Specifically, Hagen promised reforms in education policy, but also a relaxation of the strict shop closing time law. In Bavaria, shops still have to close at 8 p.m. – that’s no longer up to date, he promised that they want to change that. “Its Time.” In school politics, he complained, looking at Minister of Education Michael Piazolo (free voters), that the past five years have been under the motto “bankruptcies, bad luck and Piazolo”.

Hagen swore his party to a committed election campaign until the October 8 election date. “I am convinced that the best is ahead of us – for our FDP and also for our country,” he called into the hall. According to current surveys, the FDP has to worry, as in 2018, about making it into the Maximilianeum at all. Most recently, the liberals were bobbing between three and five percent – in 2018 they only just managed to get in with 5.1 percent.
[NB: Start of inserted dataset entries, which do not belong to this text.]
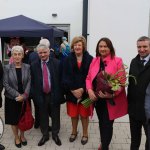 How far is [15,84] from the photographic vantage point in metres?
4.48

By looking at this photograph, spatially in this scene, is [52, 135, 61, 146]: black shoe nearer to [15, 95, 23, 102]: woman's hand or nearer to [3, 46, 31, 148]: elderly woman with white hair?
[3, 46, 31, 148]: elderly woman with white hair

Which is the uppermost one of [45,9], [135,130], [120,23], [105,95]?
[45,9]

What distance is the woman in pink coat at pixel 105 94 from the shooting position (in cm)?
396

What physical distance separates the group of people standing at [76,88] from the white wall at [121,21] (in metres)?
2.19

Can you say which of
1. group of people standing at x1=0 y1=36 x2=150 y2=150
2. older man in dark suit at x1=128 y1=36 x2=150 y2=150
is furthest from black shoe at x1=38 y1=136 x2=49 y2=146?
older man in dark suit at x1=128 y1=36 x2=150 y2=150

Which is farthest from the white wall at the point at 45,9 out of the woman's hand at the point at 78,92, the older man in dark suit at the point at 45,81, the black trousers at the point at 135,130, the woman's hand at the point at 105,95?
the black trousers at the point at 135,130

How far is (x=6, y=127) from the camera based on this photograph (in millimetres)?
5699

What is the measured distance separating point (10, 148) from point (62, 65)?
1.58 meters

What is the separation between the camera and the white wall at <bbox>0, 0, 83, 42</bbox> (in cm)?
1219

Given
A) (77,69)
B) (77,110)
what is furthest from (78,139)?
(77,69)

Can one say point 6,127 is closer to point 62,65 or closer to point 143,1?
point 62,65

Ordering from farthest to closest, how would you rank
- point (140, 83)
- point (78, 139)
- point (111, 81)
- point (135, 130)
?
point (78, 139) < point (135, 130) < point (111, 81) < point (140, 83)

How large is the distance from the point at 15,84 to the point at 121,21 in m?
3.14

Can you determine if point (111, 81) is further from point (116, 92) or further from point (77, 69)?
point (77, 69) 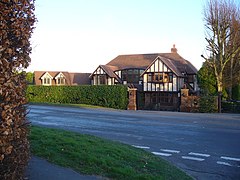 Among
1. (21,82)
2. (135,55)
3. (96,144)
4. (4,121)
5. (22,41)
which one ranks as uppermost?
(135,55)

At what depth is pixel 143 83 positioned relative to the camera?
4191cm

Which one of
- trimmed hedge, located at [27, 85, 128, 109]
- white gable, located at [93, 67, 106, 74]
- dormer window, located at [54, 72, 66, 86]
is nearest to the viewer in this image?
trimmed hedge, located at [27, 85, 128, 109]

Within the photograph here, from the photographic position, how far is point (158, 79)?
40906 millimetres

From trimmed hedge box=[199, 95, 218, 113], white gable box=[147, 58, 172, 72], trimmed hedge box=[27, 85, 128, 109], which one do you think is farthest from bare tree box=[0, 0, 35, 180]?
white gable box=[147, 58, 172, 72]

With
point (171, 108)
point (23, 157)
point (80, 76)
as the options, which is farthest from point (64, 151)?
point (80, 76)

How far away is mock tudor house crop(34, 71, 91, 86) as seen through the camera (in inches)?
2378

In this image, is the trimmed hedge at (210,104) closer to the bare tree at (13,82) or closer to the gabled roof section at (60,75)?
the bare tree at (13,82)

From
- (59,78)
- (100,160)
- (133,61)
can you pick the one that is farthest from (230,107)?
(59,78)

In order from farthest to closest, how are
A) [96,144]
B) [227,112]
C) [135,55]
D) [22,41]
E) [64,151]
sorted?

In its election program, which was debated in Ingolstadt, the party relies on “classic FDP issues” with demands for more personal responsibility and liberalization. In terms of content, however, the draft summarized many well-known demands. These include the introduction of the right to vote from the age of 16 in state elections, the reduction of the size of the state parliament, the abolition of the minimum age of 40 for prime ministers and the separation of church and state.

The list of demands also included many points that are explicitly directed against the CSU – such as the abolition of the Bavarian border police and the repeal of the so-called Kreuzerlass. In education policy, according to the passage passed in Ingolstadt, the FDP calls for the start of classes in Bavarian schools to be postponed to nine o’clock more easily, and for the introduction of cross-denominational “dialogue classes on questions of religion and worldview”. For children from the age of five, the FDP calls for nationwide and, if necessary, compulsory preliminary courses in German. For children under the age of five there is a need for a “voluntary but nationwide offer of parent-child German courses”.

Prime Minister Markus Söder himself entered the direct election campaign with the FDP on Twitter at the weekend: Hagen accused Söder of being too happy to deal with gender language and “insect eating” in current appearances instead of tackling the real problems of the country. Söder, on the other hand, wrote on Twitter: “The most important demand of the FDP is that school starts at 9 a.m. Are there any other problems?” And: “Unfortunately, the FDP has become a left-wing party. And there is no need for another left-wing party in the Bavarian state parliament.”